This leads me to a debatable opinion: 1920s animation is more authentically surrealist than the works of Salvador Dalí. While Dalí’s dreamscapes are carefully composed and static, the world of Frolics at the Circus (1926) is in a constant state of violent flux. Felix the Cat helping a trainer catch a mouse that chased away an elephant isn't a simple gag. It’s a subversion of power dynamics through physical impossibility. The mouse is the predator; the giant is the victim. The 'frolics' are actually a series of escalating traumas where the very concept of scale is weaponized against the viewer.

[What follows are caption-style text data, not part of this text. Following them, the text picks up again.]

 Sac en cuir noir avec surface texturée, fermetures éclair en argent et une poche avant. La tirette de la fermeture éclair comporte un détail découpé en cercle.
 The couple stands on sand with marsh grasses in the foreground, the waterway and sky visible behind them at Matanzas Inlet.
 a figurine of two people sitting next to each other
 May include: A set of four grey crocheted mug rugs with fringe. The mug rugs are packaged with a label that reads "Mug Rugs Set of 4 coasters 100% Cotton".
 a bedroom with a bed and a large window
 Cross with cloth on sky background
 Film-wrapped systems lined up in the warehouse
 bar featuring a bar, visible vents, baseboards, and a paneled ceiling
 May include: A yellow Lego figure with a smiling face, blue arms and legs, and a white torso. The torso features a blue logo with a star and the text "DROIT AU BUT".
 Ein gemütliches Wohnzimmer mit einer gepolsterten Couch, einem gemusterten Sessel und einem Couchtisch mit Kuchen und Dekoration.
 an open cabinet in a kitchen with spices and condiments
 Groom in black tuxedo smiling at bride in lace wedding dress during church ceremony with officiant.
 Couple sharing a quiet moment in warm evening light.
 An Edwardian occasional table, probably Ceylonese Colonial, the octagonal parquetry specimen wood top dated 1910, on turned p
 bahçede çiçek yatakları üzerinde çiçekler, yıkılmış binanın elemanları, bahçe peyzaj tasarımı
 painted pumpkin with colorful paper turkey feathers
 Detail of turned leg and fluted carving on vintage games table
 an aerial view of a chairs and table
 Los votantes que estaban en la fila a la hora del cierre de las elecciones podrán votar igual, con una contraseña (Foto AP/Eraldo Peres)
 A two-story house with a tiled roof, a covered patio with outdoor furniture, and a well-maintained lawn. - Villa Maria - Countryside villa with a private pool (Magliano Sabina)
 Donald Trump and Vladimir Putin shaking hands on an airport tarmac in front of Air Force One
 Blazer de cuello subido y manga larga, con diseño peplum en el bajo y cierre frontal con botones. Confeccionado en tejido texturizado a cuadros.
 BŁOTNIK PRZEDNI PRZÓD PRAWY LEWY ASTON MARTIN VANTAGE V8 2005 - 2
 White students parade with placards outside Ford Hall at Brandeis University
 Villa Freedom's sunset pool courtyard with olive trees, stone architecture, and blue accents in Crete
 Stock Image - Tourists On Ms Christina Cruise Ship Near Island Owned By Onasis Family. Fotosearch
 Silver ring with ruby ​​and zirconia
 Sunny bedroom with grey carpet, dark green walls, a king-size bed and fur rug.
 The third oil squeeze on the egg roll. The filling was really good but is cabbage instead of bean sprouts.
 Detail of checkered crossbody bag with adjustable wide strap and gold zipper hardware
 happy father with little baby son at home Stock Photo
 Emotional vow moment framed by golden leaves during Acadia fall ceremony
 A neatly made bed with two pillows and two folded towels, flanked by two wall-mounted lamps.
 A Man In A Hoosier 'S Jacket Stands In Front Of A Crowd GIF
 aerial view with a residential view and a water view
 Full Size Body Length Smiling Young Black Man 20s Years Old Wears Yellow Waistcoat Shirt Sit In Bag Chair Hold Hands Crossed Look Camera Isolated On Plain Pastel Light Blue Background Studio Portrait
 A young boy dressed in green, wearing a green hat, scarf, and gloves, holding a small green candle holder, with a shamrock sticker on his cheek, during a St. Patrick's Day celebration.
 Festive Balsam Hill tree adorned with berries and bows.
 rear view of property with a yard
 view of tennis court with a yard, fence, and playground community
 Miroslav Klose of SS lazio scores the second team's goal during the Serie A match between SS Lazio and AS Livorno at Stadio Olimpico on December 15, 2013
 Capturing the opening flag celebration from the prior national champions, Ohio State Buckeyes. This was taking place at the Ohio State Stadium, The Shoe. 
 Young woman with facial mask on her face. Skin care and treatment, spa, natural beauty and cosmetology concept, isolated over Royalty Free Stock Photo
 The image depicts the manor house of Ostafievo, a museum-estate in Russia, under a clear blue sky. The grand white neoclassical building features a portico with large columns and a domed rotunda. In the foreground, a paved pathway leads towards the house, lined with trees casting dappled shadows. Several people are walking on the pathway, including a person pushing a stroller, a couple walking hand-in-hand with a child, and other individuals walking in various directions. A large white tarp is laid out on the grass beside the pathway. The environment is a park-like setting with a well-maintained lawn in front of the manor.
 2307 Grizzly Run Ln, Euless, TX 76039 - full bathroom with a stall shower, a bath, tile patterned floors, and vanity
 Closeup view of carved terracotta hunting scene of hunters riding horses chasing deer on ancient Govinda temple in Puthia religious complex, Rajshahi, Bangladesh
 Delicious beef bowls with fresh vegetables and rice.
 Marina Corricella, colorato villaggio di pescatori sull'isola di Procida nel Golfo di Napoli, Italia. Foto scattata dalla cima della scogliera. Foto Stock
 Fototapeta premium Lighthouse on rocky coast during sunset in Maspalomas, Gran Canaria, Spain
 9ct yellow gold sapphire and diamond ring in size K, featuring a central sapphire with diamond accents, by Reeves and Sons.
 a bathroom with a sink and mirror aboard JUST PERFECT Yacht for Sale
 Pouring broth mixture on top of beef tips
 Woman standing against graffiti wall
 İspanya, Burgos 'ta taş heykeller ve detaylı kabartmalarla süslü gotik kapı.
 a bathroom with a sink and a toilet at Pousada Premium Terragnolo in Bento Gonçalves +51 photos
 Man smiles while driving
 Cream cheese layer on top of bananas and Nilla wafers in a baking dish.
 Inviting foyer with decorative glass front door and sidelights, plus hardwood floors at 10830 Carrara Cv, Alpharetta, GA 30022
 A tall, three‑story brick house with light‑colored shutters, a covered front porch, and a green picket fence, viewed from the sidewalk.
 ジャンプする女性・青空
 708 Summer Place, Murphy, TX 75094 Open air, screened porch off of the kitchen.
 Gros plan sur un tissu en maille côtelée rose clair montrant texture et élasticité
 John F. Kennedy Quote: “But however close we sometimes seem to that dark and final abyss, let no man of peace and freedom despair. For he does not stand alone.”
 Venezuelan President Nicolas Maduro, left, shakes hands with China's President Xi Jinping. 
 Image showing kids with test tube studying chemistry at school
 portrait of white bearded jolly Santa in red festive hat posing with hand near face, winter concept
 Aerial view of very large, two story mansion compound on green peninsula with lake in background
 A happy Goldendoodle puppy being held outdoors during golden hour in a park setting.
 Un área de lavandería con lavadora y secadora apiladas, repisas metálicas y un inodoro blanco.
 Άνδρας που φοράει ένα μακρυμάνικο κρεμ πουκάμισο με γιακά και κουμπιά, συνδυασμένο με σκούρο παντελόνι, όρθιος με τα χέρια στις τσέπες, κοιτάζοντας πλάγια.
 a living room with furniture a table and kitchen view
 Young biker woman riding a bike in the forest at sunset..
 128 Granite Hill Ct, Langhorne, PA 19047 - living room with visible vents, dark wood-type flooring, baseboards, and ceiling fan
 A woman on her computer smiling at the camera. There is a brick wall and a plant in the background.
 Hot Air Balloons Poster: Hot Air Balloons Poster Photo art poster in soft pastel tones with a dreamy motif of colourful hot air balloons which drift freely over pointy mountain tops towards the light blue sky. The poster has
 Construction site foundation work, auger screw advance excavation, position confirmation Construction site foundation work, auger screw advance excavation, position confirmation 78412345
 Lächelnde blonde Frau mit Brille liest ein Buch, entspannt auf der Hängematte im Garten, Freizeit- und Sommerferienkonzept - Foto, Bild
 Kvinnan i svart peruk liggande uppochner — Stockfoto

We often talk about 'man vs. machine' in the context of The Terminator or The Matrix, but the 1920s short Off His Trolley (1924) got there first. The competition between the jitney bus and the trolley car involves lifting passengers with a derrick. This is mechanical violation. The human body is treated as cargo, a weight to be shifted by cold, iron arms. There is no dignity in this slapstick; there is only the terrifying efficiency of the machine.
Similarly, One Wild Ride (1925) features a taxi business using a horse to pull an engine-less Model T. When the horse is taken, the car becomes a gravity-driven death trap. Farina losing control as the car coasts down a hill is a sequence of pure, unadulterated panic. The comedy comes from the speed, but the horror comes from the lack of brakes. It is the ultimate metaphor for the 'roaring' twenties—a decade hurtling toward a cliff with no engine and no way to stop. The 'engine-less' car is a ghost, a mechanical shell that still functions as a vessel for destruction.
Here is another hard stance: The 'Disney-fication' of animation in the 1930s was a cultural lobotomy. By imposing strict rules of anatomy and 'believable' physics, the industry killed the experimental, nightmarish soul of the medium. The 1920s was a period where an animator could spend five minutes showing a cat's tail detaching itself to become a cane, or a clown's face melting into a pool of ink. This was the true 'wild frontier' of cinema, and it was far more honest about the fragility of the human condition than the polished features that followed.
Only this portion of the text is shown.